### Record set

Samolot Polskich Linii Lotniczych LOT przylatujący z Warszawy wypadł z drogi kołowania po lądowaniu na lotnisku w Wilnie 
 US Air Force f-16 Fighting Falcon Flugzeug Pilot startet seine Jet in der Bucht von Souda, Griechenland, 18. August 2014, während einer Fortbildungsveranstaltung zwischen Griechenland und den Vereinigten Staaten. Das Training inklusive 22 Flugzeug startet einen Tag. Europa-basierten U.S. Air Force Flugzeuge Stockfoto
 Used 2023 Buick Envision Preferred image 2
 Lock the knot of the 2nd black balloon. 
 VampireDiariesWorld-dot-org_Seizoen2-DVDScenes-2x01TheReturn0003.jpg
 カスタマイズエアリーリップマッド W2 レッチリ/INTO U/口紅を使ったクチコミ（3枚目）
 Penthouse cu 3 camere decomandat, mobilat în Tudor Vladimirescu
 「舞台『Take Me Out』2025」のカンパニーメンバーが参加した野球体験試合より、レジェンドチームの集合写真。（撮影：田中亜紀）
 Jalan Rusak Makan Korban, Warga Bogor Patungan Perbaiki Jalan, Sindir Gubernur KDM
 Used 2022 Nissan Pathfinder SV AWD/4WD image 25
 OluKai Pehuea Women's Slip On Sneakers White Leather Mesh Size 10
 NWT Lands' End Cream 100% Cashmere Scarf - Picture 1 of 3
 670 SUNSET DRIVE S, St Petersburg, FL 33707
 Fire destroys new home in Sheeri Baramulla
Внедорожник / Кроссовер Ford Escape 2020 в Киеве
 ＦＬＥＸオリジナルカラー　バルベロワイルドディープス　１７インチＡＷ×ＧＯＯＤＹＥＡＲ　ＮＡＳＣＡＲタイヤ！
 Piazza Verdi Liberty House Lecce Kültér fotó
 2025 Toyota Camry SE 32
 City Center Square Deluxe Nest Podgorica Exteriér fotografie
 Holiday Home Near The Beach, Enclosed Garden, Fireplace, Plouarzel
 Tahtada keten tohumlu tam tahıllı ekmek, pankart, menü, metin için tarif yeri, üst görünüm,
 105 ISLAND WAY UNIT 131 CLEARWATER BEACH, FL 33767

### What is expected
Everything from the line containing "カスタマイズエアリーリップマッド W2 レッチリ/INTO" through the final line of the records is what you should print, exactly and with nothing added.

### Solved exercise
 カスタマイズエアリーリップマッド W2 レッチリ/INTO U/口紅を使ったクチコミ（3枚目）
 Penthouse cu 3 camere decomandat, mobilat în Tudor Vladimirescu
 「舞台『Take Me Out』2025」のカンパニーメンバーが参加した野球体験試合より、レジェンドチームの集合写真。（撮影：田中亜紀）
 Jalan Rusak Makan Korban, Warga Bogor Patungan Perbaiki Jalan, Sindir Gubernur KDM
 Used 2022 Nissan Pathfinder SV AWD/4WD image 25
 OluKai Pehuea Women's Slip On Sneakers White Leather Mesh Size 10
 NWT Lands' End Cream 100% Cashmere Scarf - Picture 1 of 3
 670 SUNSET DRIVE S, St Petersburg, FL 33707
 Fire destroys new home in Sheeri Baramulla
Внедорожник / Кроссовер Ford Escape 2020 в Киеве
 ＦＬＥＸオリジナルカラー　バルベロワイルドディープス　１７インチＡＷ×ＧＯＯＤＹＥＡＲ　ＮＡＳＣＡＲタイヤ！
 Piazza Verdi Liberty House Lecce Kültér fotó
 2025 Toyota Camry SE 32
 City Center Square Deluxe Nest Podgorica Exteriér fotografie
 Holiday Home Near The Beach, Enclosed Garden, Fireplace, Plouarzel
 Tahtada keten tohumlu tam tahıllı ekmek, pankart, menü, metin için tarif yeri, üst görünüm,
 105 ISLAND WAY UNIT 131 CLEARWATER BEACH, FL 33767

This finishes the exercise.